Data shown →
==*==

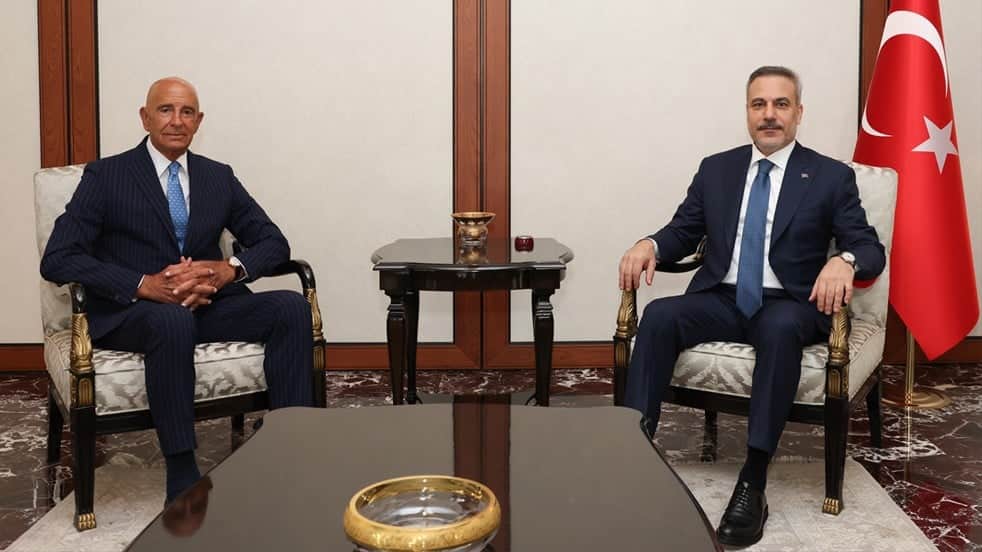 Bakan Fidan zirve öncesi ABD Büyükelçisi Barrack'ı kabul etti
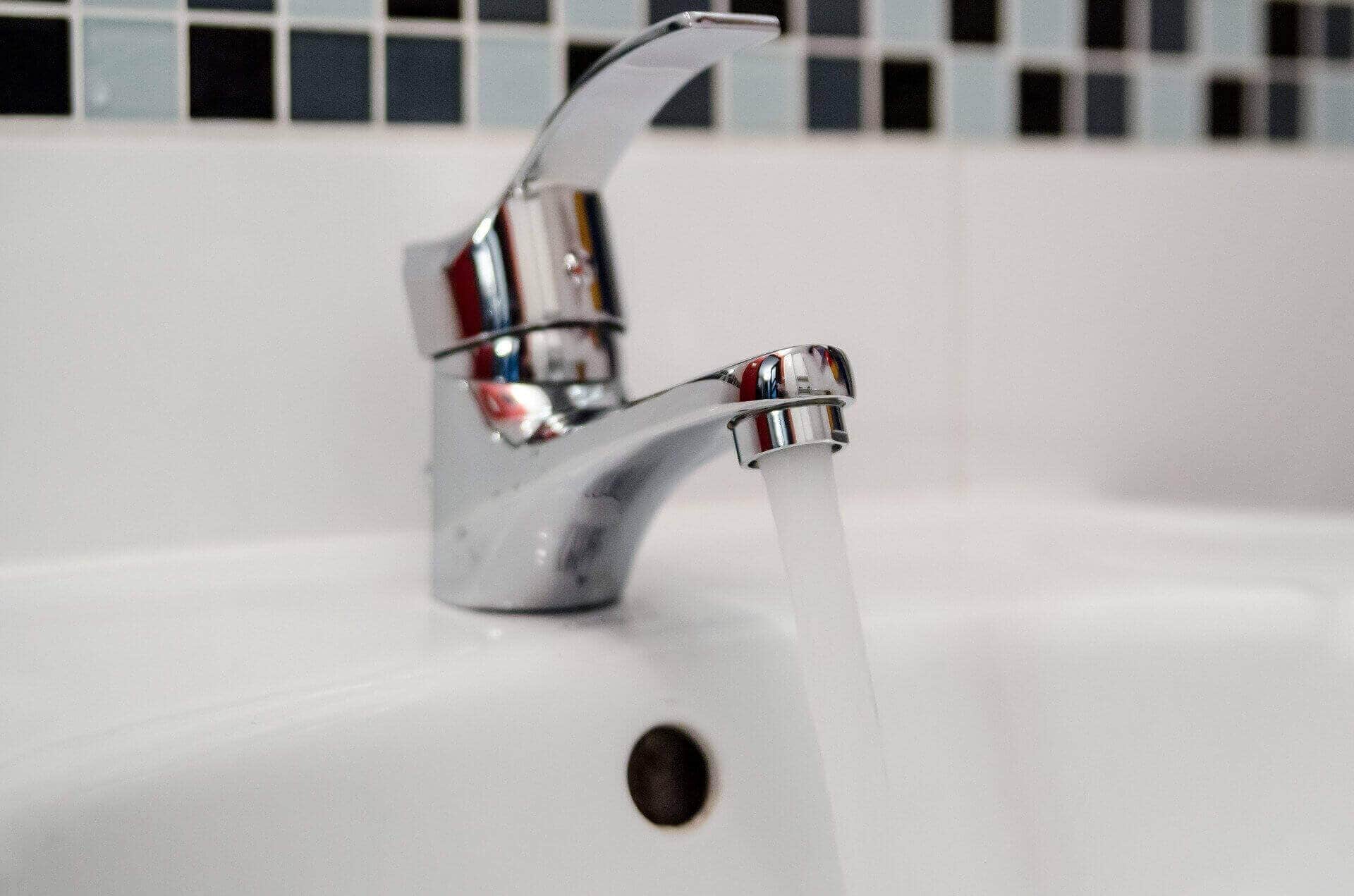 Bathroom tap.jpg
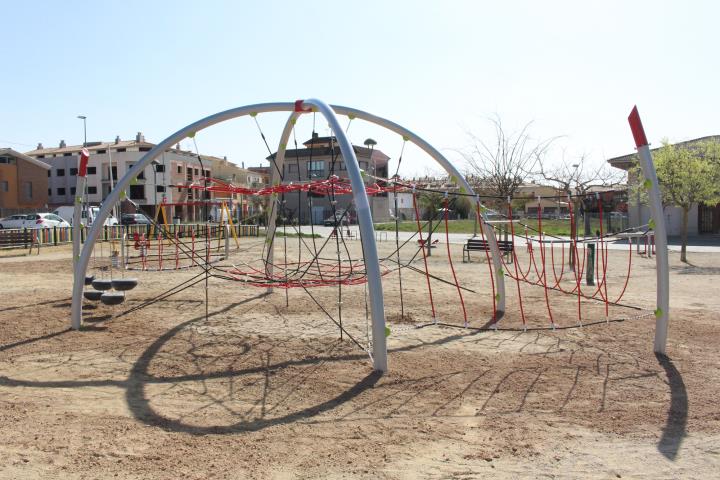 Sant Martí Sarroca instal·la noves estructures lúdiques al parc del Passeig Esportiu. Ajt Sant Martí Sarroca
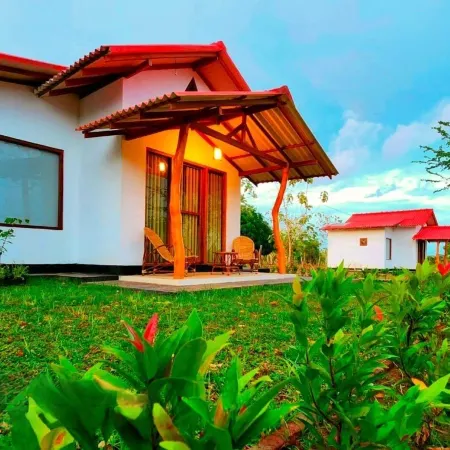 Wild Waves Kumana Safari & Surf Resort Hotel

==*==

From the first line to the last, retype the data exactly, but omit every image.

Problem solution →
 Bakan Fidan zirve öncesi ABD Büyükelçisi Barrack'ı kabul etti
 Bathroom tap.jpg
 Sant Martí Sarroca instal·la noves estructures lúdiques al parc del Passeig Esportiu. Ajt Sant Martí Sarroca
 Wild Waves Kumana Safari & Surf Resort Hotel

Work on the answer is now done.